Royal policy relating to the segregation of Indians may seem at first sight a minor aspect of the history of Spanish America, for as a policy it was continually flouted in practice, and it seems to stand only as one additional indication of the crown’s tragic misunderstanding of colonial realities. But when we seek the original basis of the policy and the reasons for its failure, we find ourselves at a new level of inquiry. Magnus Mörner’s book is the result of ten years of research devoted to these problems.
The policy of segregation is the point of departure. It arose from the doctrine of “bien común” applied to a colonial society of two “republics,” one Spanish and the other Indian. Originally Spaniards were expected to provide the civilizing example, and Indians were to be imitative wards. With the Spanish “bad example,” however, a change occurred, and segregation came to be justified as a means of protecting Indians from Spaniards. Other things being equal, segregation was consistent with much of the Spanish pattern of settlement as well as with the ecclesiastical organization and the political-legal structure of the colony. But neither the monarch nor any other administrative power in the imperial government was capable of reconciling segregation with another of the Spaniards’ goals, Indian Hispanization. Moreover, other things were not equal. Indian isolation broke down under pressures from Spaniards, Negroes, and mestizos. Intrusion upon Indian society increased as Indian population declined. Hacienda and peonage brought social redistributions and changed the forms of Indian labor, subsistence, and land tenure. In extreme cases, Indian towns disappeared or were converted into mestizo towns.

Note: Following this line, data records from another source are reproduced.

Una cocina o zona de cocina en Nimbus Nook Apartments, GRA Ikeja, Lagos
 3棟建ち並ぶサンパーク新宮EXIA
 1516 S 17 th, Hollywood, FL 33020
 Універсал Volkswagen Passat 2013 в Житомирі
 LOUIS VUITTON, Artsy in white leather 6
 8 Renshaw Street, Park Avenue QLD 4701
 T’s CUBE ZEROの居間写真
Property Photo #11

The general outlines of the process are familiar, and certain features of it are known in some detail. But Mörner’s treatment goes beyond earlier studies in its geographical coverage and in its perception of the problem as a whole. No other student of royal policy or Spanish-Indian relations has so systematically examined so many archives, including every major depository from Mexico to Chile and Argentina. For the first time we have sufficient data to make objective comparisons between one region and another. Indian segregation persisted for longer periods on the frontiers. The late colonial period, which witnessed a revival of the “good example” doctrine, was a time—paradoxically if we suppose that the Bourbon government was a centralizing one—of much local adaptation. Differences between the capital and marginal zones gradually disappeared. The segregation laws, having become dead letters, were readily abolished with independence.
This is a pan-colonial study based on full documentation, and it seems unlikely that the pattern it describes will be appreciably modified. Mörner’s should be the basic treatment for a long time. The need and opportunity that remain are for more detailed local studies, quantitative comparisons, and, beyond that, a full-scale investigation of the problem of mestization.